■ What the exercise asks: Your task is to write out the full listing once more, exactly.

■ Source material:
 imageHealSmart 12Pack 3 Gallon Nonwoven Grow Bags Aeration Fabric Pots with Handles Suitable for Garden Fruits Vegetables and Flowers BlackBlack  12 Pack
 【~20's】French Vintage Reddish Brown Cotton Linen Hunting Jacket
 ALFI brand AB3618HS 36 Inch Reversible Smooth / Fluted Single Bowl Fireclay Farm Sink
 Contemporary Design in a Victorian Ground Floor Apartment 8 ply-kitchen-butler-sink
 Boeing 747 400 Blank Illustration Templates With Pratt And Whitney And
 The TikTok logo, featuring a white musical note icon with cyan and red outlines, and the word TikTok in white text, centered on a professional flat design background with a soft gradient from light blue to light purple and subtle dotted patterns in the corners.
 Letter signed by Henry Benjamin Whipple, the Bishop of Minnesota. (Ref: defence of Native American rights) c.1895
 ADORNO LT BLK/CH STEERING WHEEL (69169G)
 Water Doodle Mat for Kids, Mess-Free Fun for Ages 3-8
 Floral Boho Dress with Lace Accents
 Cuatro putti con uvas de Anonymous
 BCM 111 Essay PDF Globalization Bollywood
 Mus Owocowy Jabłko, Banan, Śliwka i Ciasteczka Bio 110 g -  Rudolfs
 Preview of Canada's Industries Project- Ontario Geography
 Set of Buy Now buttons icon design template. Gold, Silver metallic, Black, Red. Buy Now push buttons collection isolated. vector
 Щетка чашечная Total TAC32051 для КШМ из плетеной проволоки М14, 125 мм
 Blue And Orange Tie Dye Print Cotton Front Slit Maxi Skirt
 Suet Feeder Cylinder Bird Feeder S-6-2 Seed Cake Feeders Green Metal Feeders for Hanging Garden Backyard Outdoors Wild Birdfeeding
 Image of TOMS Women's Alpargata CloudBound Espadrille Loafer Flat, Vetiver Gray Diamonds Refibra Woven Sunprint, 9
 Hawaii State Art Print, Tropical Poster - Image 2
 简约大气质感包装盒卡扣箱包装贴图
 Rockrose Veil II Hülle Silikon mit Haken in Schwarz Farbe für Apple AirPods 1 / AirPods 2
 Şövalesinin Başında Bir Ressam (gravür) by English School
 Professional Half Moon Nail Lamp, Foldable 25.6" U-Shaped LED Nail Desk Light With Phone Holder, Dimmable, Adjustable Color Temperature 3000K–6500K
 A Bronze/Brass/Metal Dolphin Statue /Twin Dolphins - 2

■ Written response:
 imageHealSmart 12Pack 3 Gallon Nonwoven Grow Bags Aeration Fabric Pots with Handles Suitable for Garden Fruits Vegetables and Flowers BlackBlack  12 Pack
 【~20's】French Vintage Reddish Brown Cotton Linen Hunting Jacket
 ALFI brand AB3618HS 36 Inch Reversible Smooth / Fluted Single Bowl Fireclay Farm Sink
 Contemporary Design in a Victorian Ground Floor Apartment 8 ply-kitchen-butler-sink
 Boeing 747 400 Blank Illustration Templates With Pratt And Whitney And
 The TikTok logo, featuring a white musical note icon with cyan and red outlines, and the word TikTok in white text, centered on a professional flat design background with a soft gradient from light blue to light purple and subtle dotted patterns in the corners.
 Letter signed by Henry Benjamin Whipple, the Bishop of Minnesota. (Ref: defence of Native American rights) c.1895
 ADORNO LT BLK/CH STEERING WHEEL (69169G)
 Water Doodle Mat for Kids, Mess-Free Fun for Ages 3-8
 Floral Boho Dress with Lace Accents
 Cuatro putti con uvas de Anonymous
 BCM 111 Essay PDF Globalization Bollywood
 Mus Owocowy Jabłko, Banan, Śliwka i Ciasteczka Bio 110 g -  Rudolfs
 Preview of Canada's Industries Project- Ontario Geography
 Set of Buy Now buttons icon design template. Gold, Silver metallic, Black, Red. Buy Now push buttons collection isolated. vector
 Щетка чашечная Total TAC32051 для КШМ из плетеной проволоки М14, 125 мм
 Blue And Orange Tie Dye Print Cotton Front Slit Maxi Skirt
 Suet Feeder Cylinder Bird Feeder S-6-2 Seed Cake Feeders Green Metal Feeders for Hanging Garden Backyard Outdoors Wild Birdfeeding
 Image of TOMS Women's Alpargata CloudBound Espadrille Loafer Flat, Vetiver Gray Diamonds Refibra Woven Sunprint, 9
 Hawaii State Art Print, Tropical Poster - Image 2
 简约大气质感包装盒卡扣箱包装贴图
 Rockrose Veil II Hülle Silikon mit Haken in Schwarz Farbe für Apple AirPods 1 / AirPods 2
 Şövalesinin Başında Bir Ressam (gravür) by English School
 Professional Half Moon Nail Lamp, Foldable 25.6" U-Shaped LED Nail Desk Light With Phone Holder, Dimmable, Adjustable Color Temperature 3000K–6500K
 A Bronze/Brass/Metal Dolphin Statue /Twin Dolphins - 2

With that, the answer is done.